# Work instructions
Could you retype the whole listing word for word and drop the images?
[Start of Attachment]
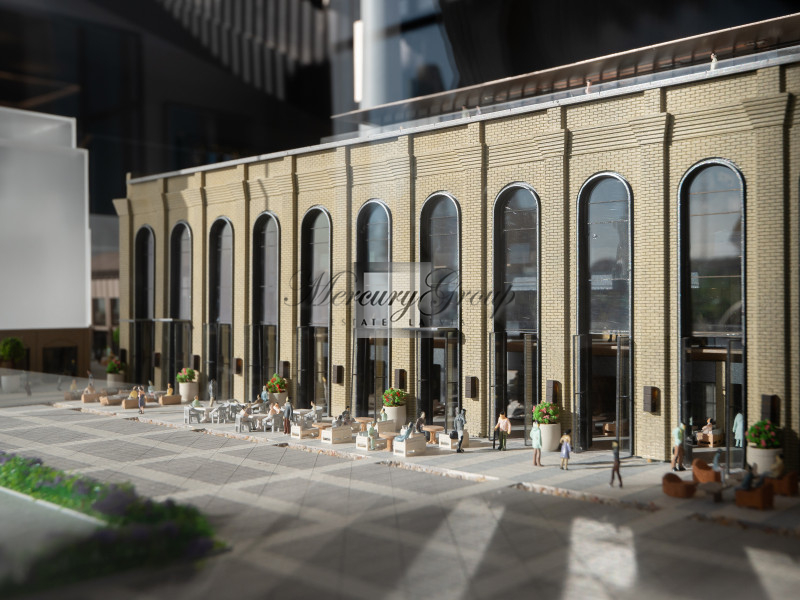 Logs uz Eiropu - premium kvartāls Rīgas sirdī - Riga Waterfront. Nr. 24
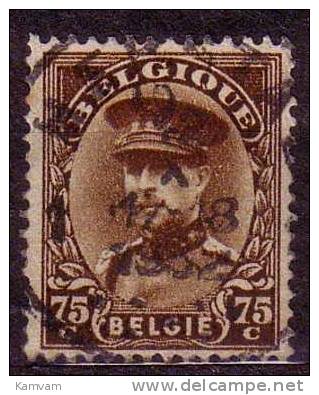 Belgie Belgique 341 Cote 0.15 € HERSTAL - 1931-1934 Képi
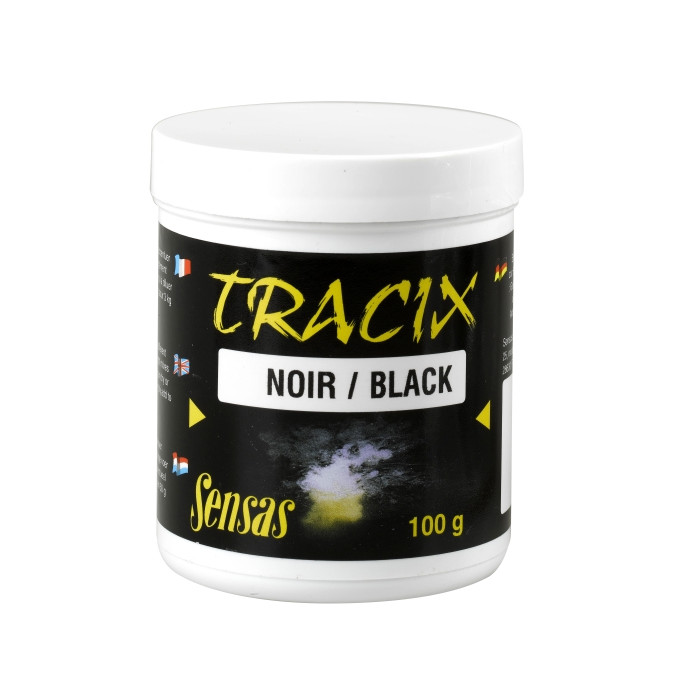 Tracix Schwarz 100G Sensas 1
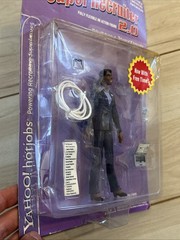 Yahoo! Hotjobs 2007 Super Recruiter 2.0 Female 6″ Action Figure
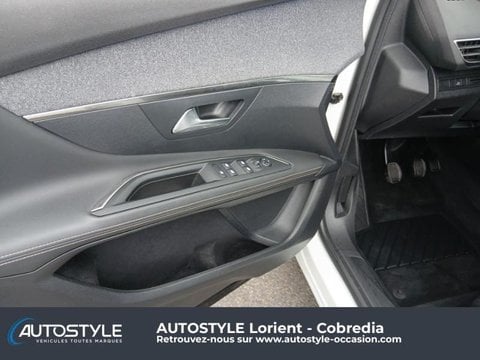 Voitures D'occasion À Lanester | Peugeot 3008 1.5 Bluehdi 130Ch S&S Gt Line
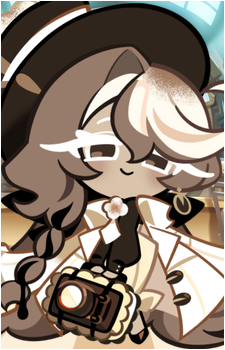 Mochaccino Cookie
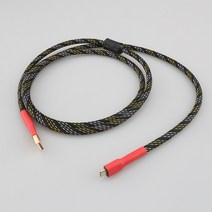 가전제품 Hifi 마이크로 USB 케이블 USBType A 데이터, [01] 0.5m 1.64ft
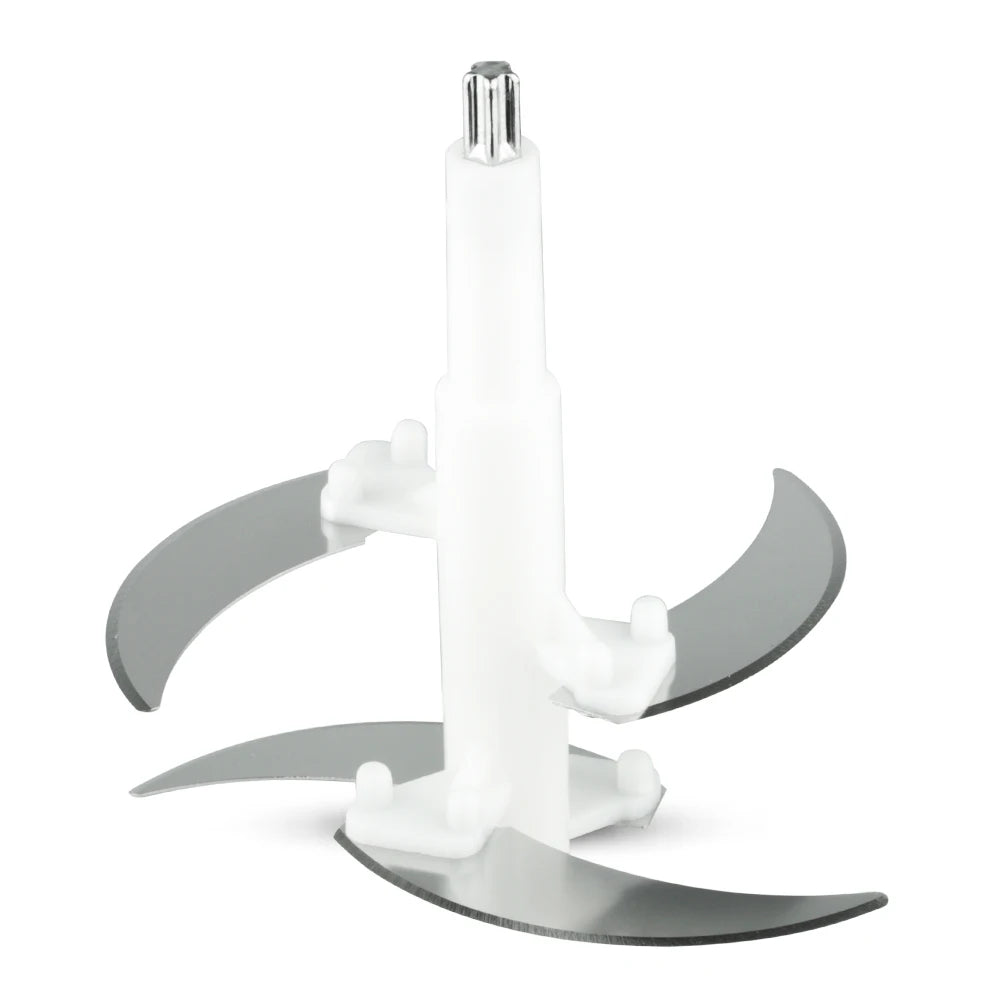 Robot Multifonction  3L – Hachoir Électrique en Acier Inoxydable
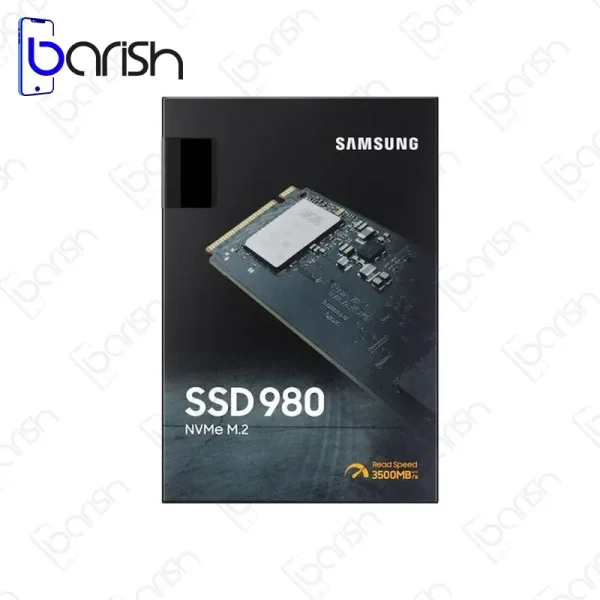 هارد اینترنال SSD سامسونگ مدل 980 NVMe M.2 ظرفیت 500 گیگابایت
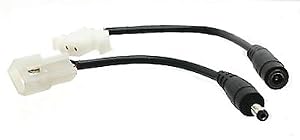 Mag Charger Adapter Cable, Male/Female by Maglite ARXX228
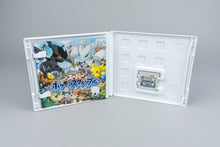 Super Pokémon Scramble Nintendo 3DS OVP CIB NTSC-J Japan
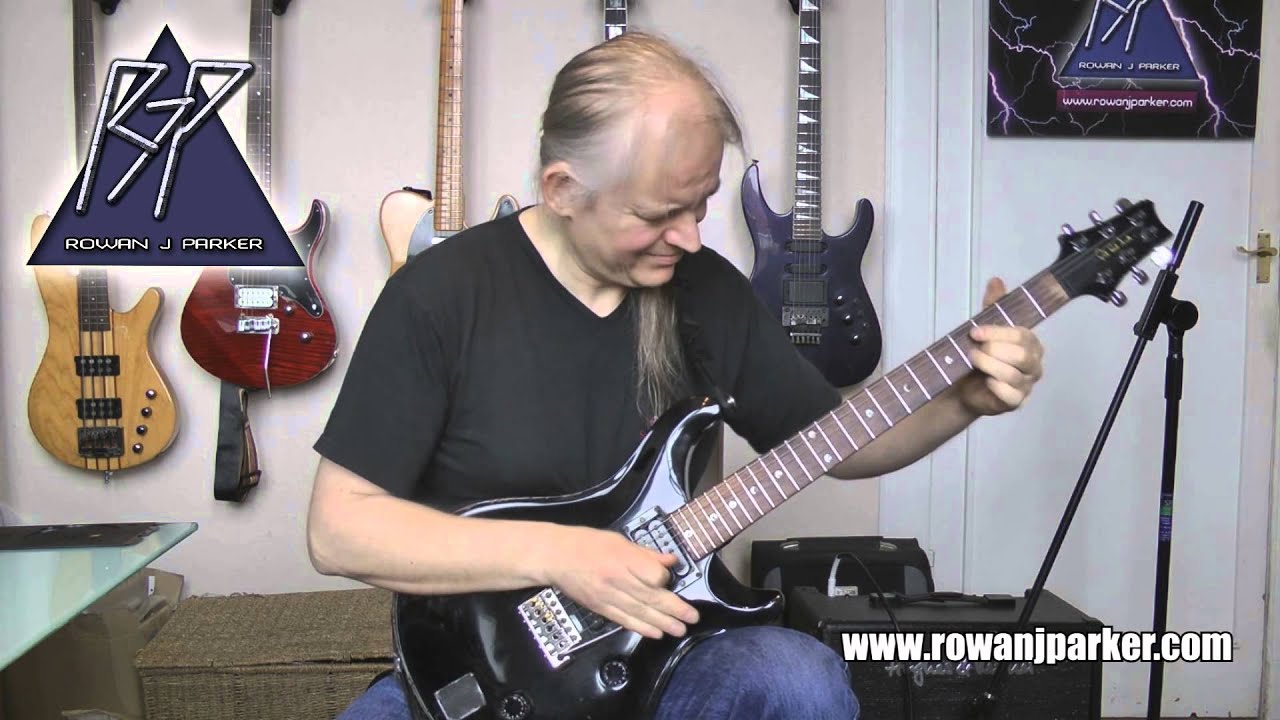 Modal Magic - C Phrygian Improvisation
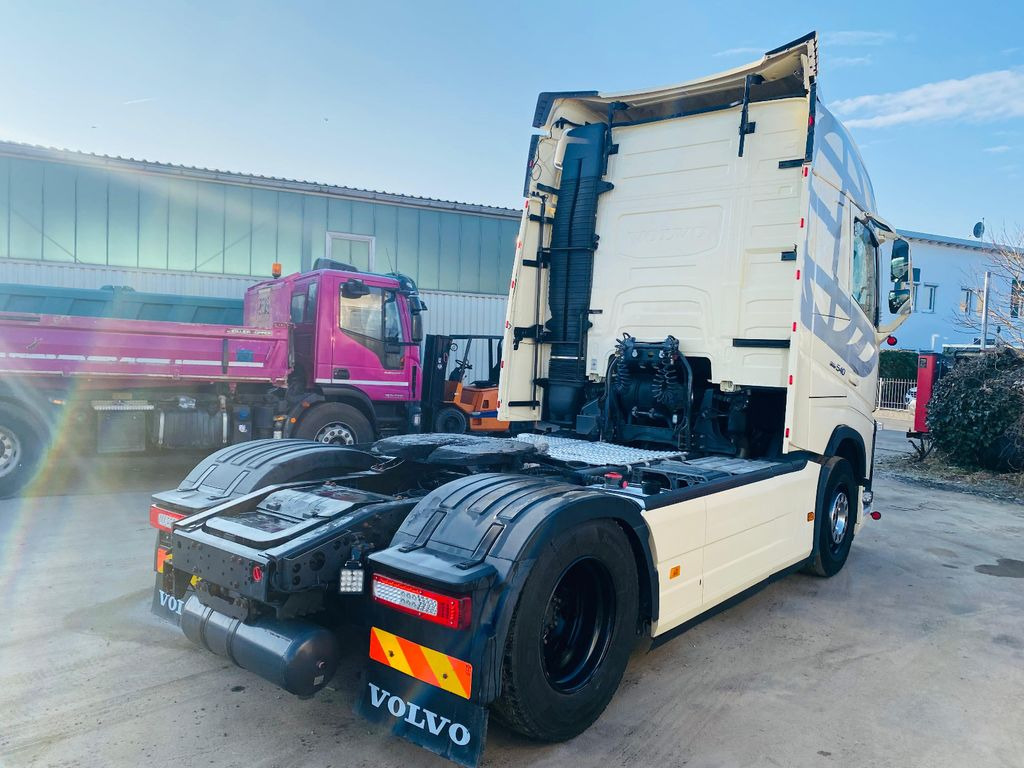 Volvo FH 540 Globe BL I-Shift Dual*VEB/2-KreisHydr/ACC - Tegljač: slika 3 Volvo FH 540 Globe BL I-Shift Dual*VEB/2-KreisHydr/ACC - Tegljač: slika 3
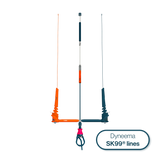 F-One Linx '25 Bar SK99 Lines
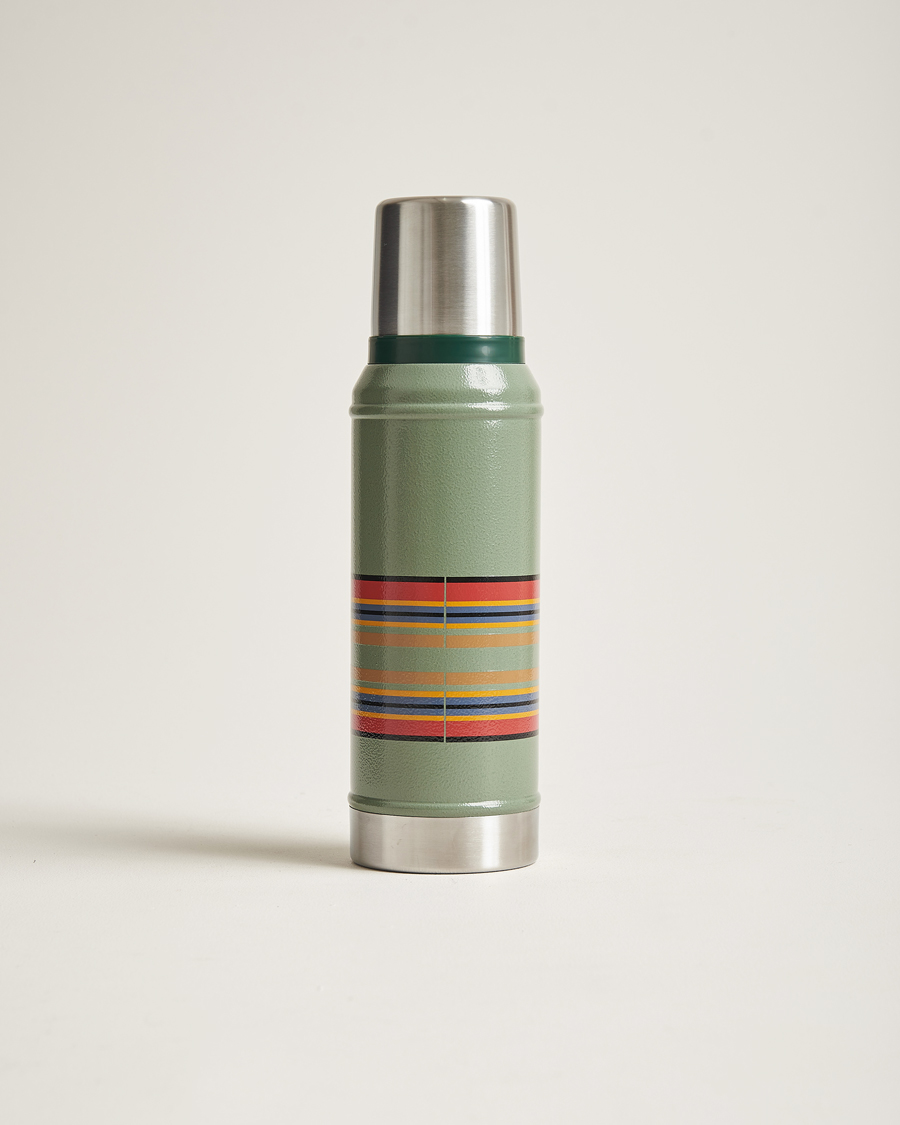 Herren |  | Pendleton | Legendary Bottle  Hammertone Green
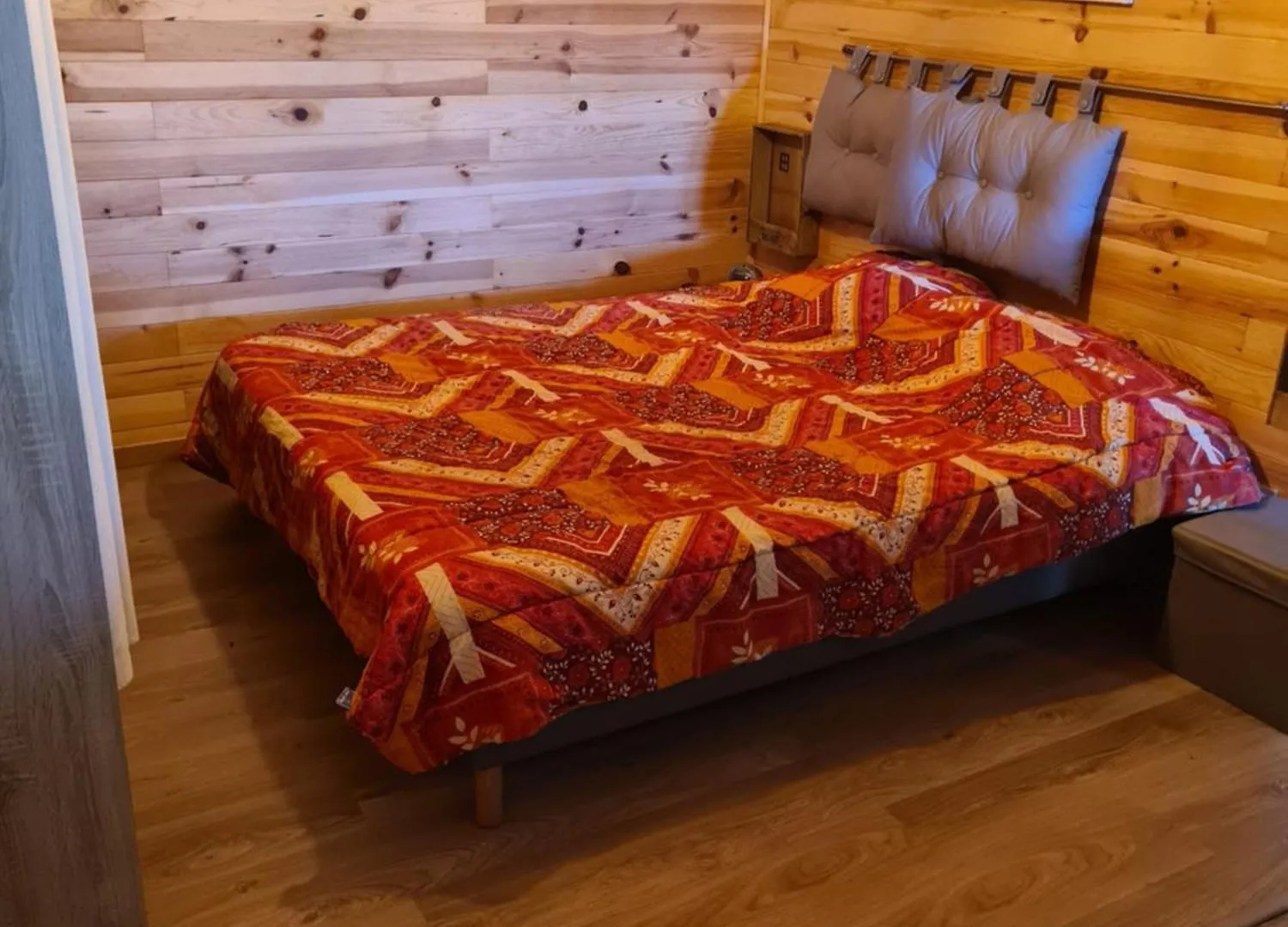 Oda ve Kahvaltı Aubrac Spa Saint-Chély-dʼAubrac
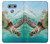 S1377 Ocean Sea Turtle Case For LG G6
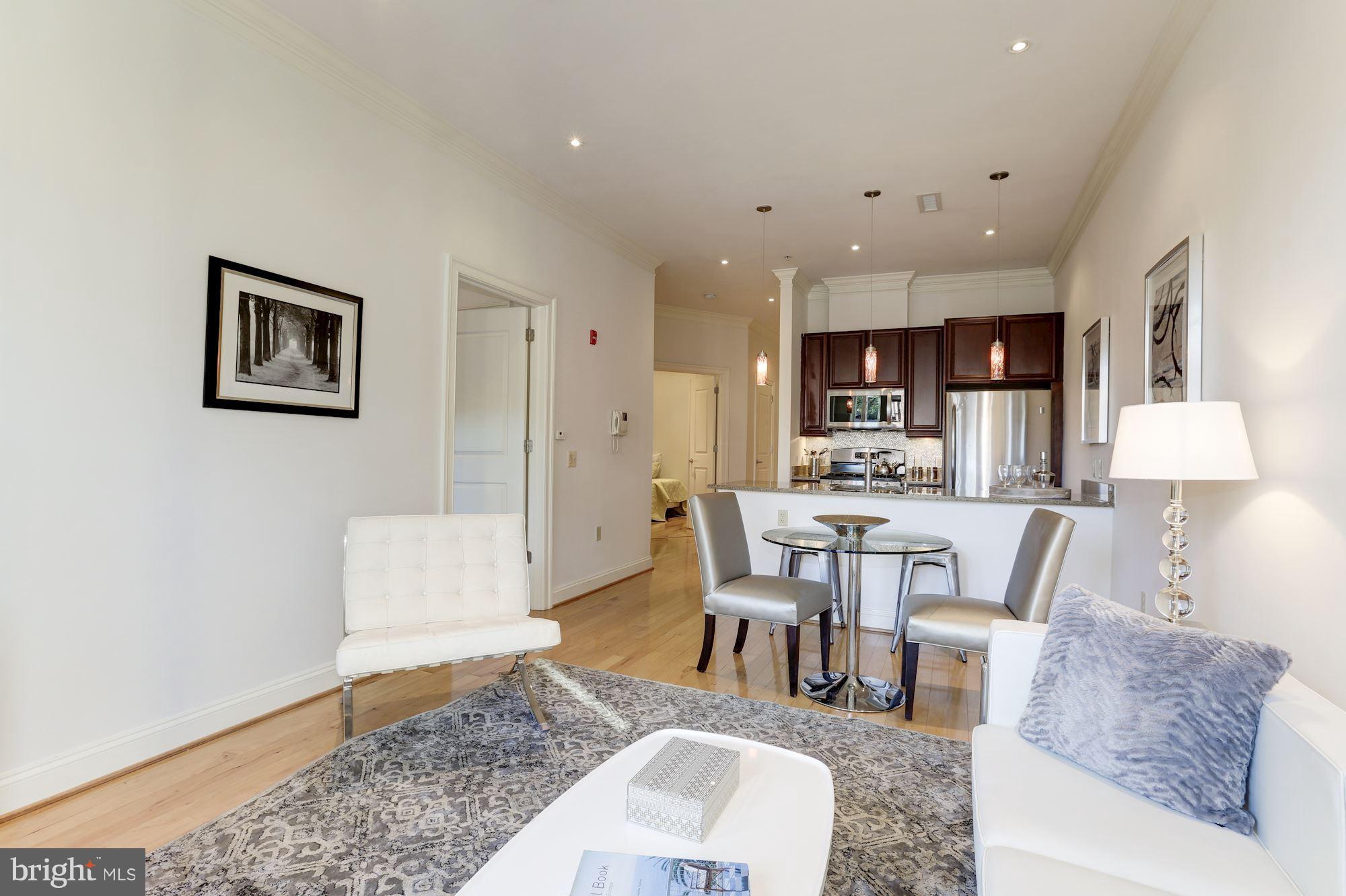 1210 R Street Northwest, Unit 215 Washington, DC 20009 - Photo 18 of 20 Welcome Home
[End of Attachment]
# Solution below
 Logs uz Eiropu - premium kvartāls Rīgas sirdī - Riga Waterfront. Nr. 24
 Belgie Belgique 341 Cote 0.15 € HERSTAL - 1931-1934 Képi
 Tracix Schwarz 100G Sensas 1
 Yahoo! Hotjobs 2007 Super Recruiter 2.0 Female 6″ Action Figure
 Voitures D'occasion À Lanester | Peugeot 3008 1.5 Bluehdi 130Ch S&S Gt Line
 Mochaccino Cookie
 가전제품 Hifi 마이크로 USB 케이블 USBType A 데이터, [01] 0.5m 1.64ft
 Robot Multifonction  3L – Hachoir Électrique en Acier Inoxydable
 هارد اینترنال SSD سامسونگ مدل 980 NVMe M.2 ظرفیت 500 گیگابایت
 Mag Charger Adapter Cable, Male/Female by Maglite ARXX228
 Super Pokémon Scramble Nintendo 3DS OVP CIB NTSC-J Japan
 Modal Magic - C Phrygian Improvisation
 Volvo FH 540 Globe BL I-Shift Dual*VEB/2-KreisHydr/ACC - Tegljač: slika 3 Volvo FH 540 Globe BL I-Shift Dual*VEB/2-KreisHydr/ACC - Tegljač: slika 3
 F-One Linx '25 Bar SK99 Lines
 Herren |  | Pendleton | Legendary Bottle  Hammertone Green
 Oda ve Kahvaltı Aubrac Spa Saint-Chély-dʼAubrac
 S1377 Ocean Sea Turtle Case For LG G6
 1210 R Street Northwest, Unit 215 Washington, DC 20009 - Photo 18 of 20 Welcome Home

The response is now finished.